▶ [Exercise details]: The answer is an exact copy of the lines from the one with "Let's see how" to the end of the listing below, pictures left out.
---- Material provided
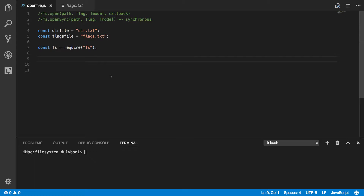The file system module will allow you to do all kinds of file system manipulation, including but not limited to writing files, reading files, creating files, copying files, deleting files, creating directories, copying directories, moving directories, determining the permissions for files and directories, checking if directories exist, checking if files exist, watching files for changes, and all kinds of stuff. This is the module that you want to know about and use to do these kinds of manipulation.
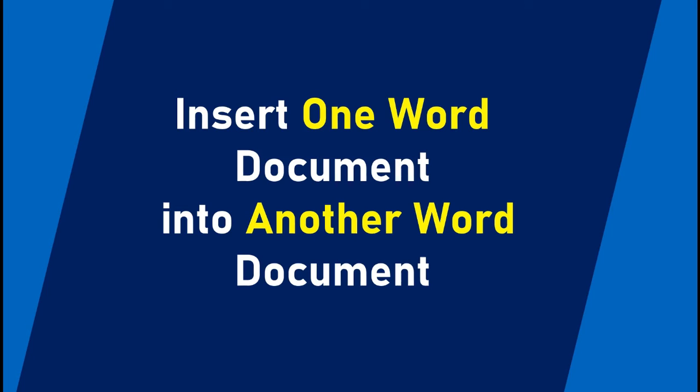How to insert one Word document into another Word document. In this video, I will show you how you can easily insert one Word document into another Word document.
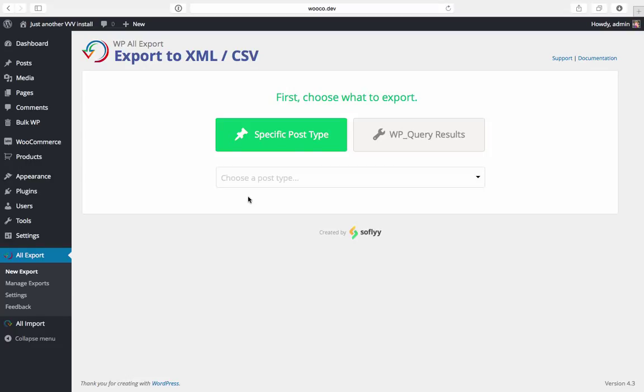Hi, this is Joe with SoFly and in this video we're going to show you how to set up data filters with WP All Export.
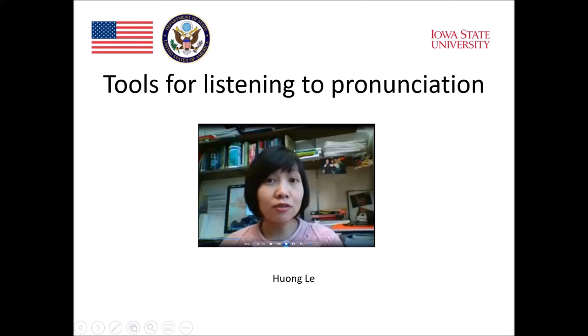Let's see how one teacher uses tools for listening to teach pronunciation in the classroom.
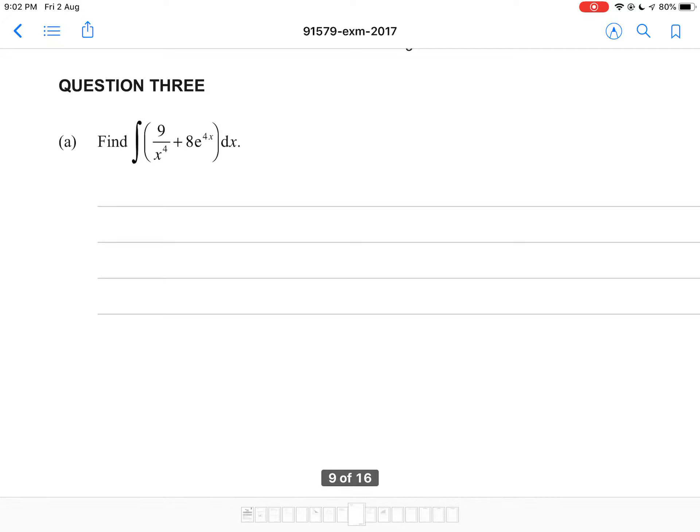Hey guys, welcome back to the 2017 Level 3 integration paper. In this video I'm going to be covering question 3, so I'm going to get straight into it. Find the integral of 9 divided by x to the power 4 plus 8e to the power 4x.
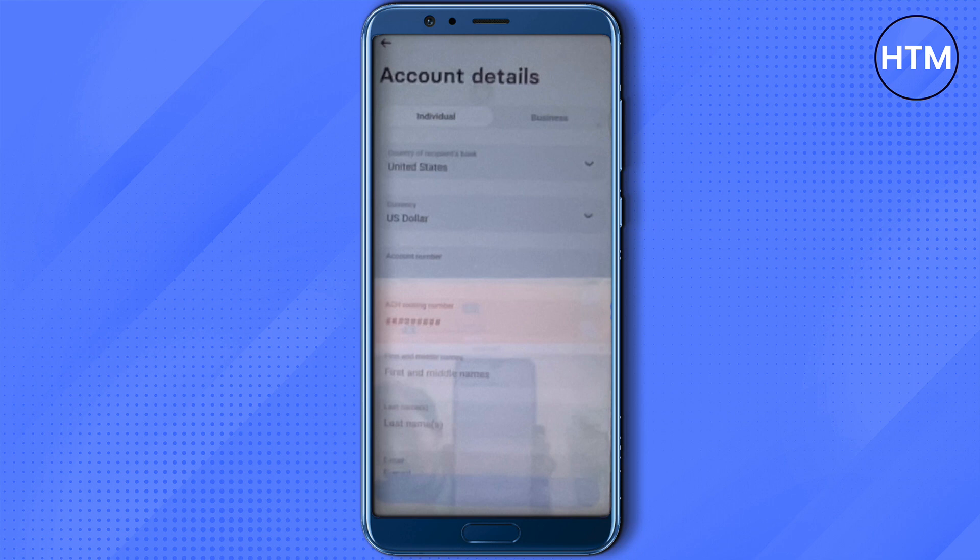These details will be required differently depending on the country. After providing all the information, you will be able to add that particular recipient. You can then review the transaction and the amount you want to send, and after that you will be able to send money from your Revolut account to a bank account easily.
--------
▶ [Response to the exercise]:
Let's see how one teacher uses tools for listening to teach pronunciation in the classroom.
Hey guys, welcome back to the 2017 Level 3 integration paper. In this video I'm going to be covering question 3, so I'm going to get straight into it. Find the integral of 9 divided by x to the power 4 plus 8e to the power 4x.
These details will be required differently depending on the country. After providing all the information, you will be able to add that particular recipient. You can then review the transaction and the amount you want to send, and after that you will be able to send money from your Revolut account to a bank account easily.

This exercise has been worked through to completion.